BOLD variance is positively associated with omission errors during visual detection. Pearson correlations that accounted for the dependence among the repeated measures, were calculated to study the relationship between behavior and BOLD SD in visual cortex during rest (a) and task (b). a Individual resting-state BOLD SD values in visual cortex (extracted from cluster 1, x-axis) correlated positively with individual omission errors during visual detection (y-axis) at the same times of day (r = 0.54, n = 54, P < 0.001). The scatter plot shows individual resting-state BOLD SD values and corresponding omission errors for all ToD (linear regression line of best fit included in the graph). b Correlation between omission errors and BOLD SD persisted during visual detection, linking BOLD SD reductions to performance (y-axis: omission errors; x-axis: BOLD SD during visual detection task). BOLD SD values were extracted from the cluster in the primary and secondary visual cortex (circles: r = 0.43, P = 0.003, n = 54. Local maxima in the left calcarine sulcus (MNI −10 −68 12) and left lingual gyrus (MNI −8 −66 2), see Fig. 3) and from the cluster in the secondary visual cortex (triangles: r = 0.42, P = 0.004, n = 54. Local maxima in the left (MNI −2 −82 24) and right cuneus (MNI 4–82 20), see Fig. 3). The scatter plot shows individual BOLD SD values during visual detection and corresponding omission errors for all ToD (linear regression line of best fit included in the graph)

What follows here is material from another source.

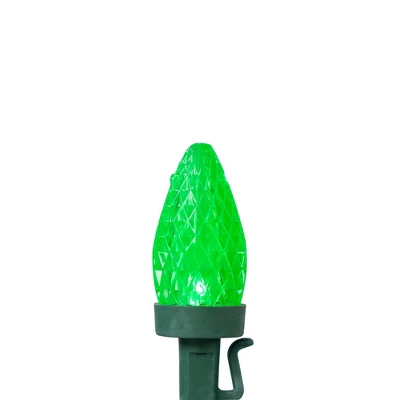 Northlight LED C7 Faceted Christmas Lights - Green - 20.25' Green Wire - 50ct 4 Northlight LED C7 Faceted Christmas Lights - Green - 20.25' Green Wire - 50ct - Image 2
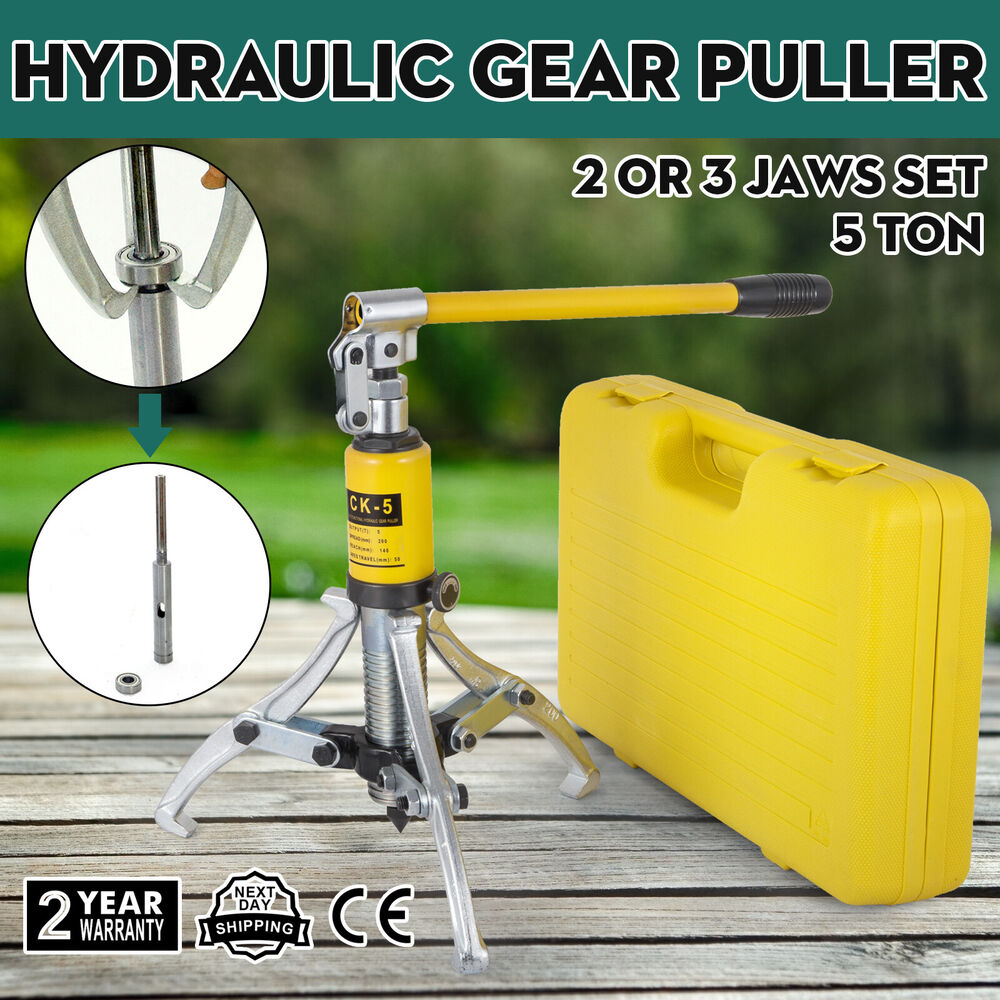 5 Ton Hydraulic Gear Bearing Wheel Bearing Puller Separator 3 Jaws Tool Set Kit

ToD-effects in BOLD signal variance during visual perception

Therefore, we further analyzed fMRI data during the visual detection task. We first tested whether ToD modulates task-related BOLD SD in the visual cortex during visual detection in the same way as it modulates visual cortex BOLD SD during rest using a t-test (cluster-extent based threshold: k = 112, P < 0.05, FWE corrected; cluster-defining primary threshold of t(40) > 3.31, P < 0.001, uncorrected; n = 9). Task-related BOLD SD in two clusters in the primary and secondary visual cortex was reduced at 8:00 and 20:00 h, as compared to midday measurements (Fig. 3a and b). Reductions ranged from 7.4 to 26.8% of BOLD SD values at 14:00 h. In comparison to resting state, BOLD SD during the visual detection task was overall decreased in both the primary and secondary visual cortex (Rest-task: t(8) = 3.82, P = 0.010, Cohen’s d = 0.99, mean difference = 1.26, n = 9) and the secondary visual cortex (Rest-task: t(8) = 4.75, P = 0.002, Cohen’s d = 1.30, mean difference = 1.63, n = 9); significance threshold was at P < 0.05, Bonferroni corrected. Task-related BOLD SD in both visual cortex clusters was also linearly and positively related to omission errors during visual detection at the same ToD (Pearson correlations accounting for the dependence among the repeated measures in primary and secondary visual cortex: r = 0.43, P = 0.003, n = 54 and secondary visual cortex: r = 0.42, P = 0.004, n = 54; Fig. 2b). The similar ToD-dependent effects during, both, the visual detection task and rest, suggest that endogenous reductions in spontaneous cortical activity persist during active processing.

Fig. 3
Fig. 3

BOLD SD during visual detection decreases in visual cortex at twilight. a One-sample t-test for BOLD SD during visual detection showing significant BOLD SD reductions in a cluster in the primary and secondary visual cortex (k = 112 voxels, P = 0.022, FWE; local maxima in the left calcarine sulcus (MNI −10 −68 12) and left lingual gyrus (MNI −8 −66 2)) and a cluster in the secondary visual cortex (k = 184 voxels, P = 0.006, FWE; local maxima in the left (MNI −2–82 24) and right cuneus (MNI 4 −82 20)) at 08:00 h and 20:00 h compared to midday measurements 11:00, 14:00, and 17:00 h (cluster-extent based threshold: k = 112, P < 0.05, FWE corrected; cluster-defining primary threshold of t(40) > 3.31, P < 0.001, uncorrected; n = 9). b Extracted task-related BOLD SD values from the cluster in the primary and secondary visual cortex (yellow) and from the cluster in secondary visual cortex (blue), showing the same ToD-effects as resting-state BOLD SD. Pairwise comparisons between all ToD were not performed on the extracted BOLD SD values to avoid an inflation in Type I error56. The graph shows the group-mean BOLD SD values for both clusters


Here we report reduced visual cortex BOLD signal variance during close-to-threshold perception at times of twilight that correlates with improved visual detection. Because activity is also reduced during prior resting-state and masking factors have been accounted for in our analyses, an endogenous source of this ToD-dependent modulation of cortical activity is likely.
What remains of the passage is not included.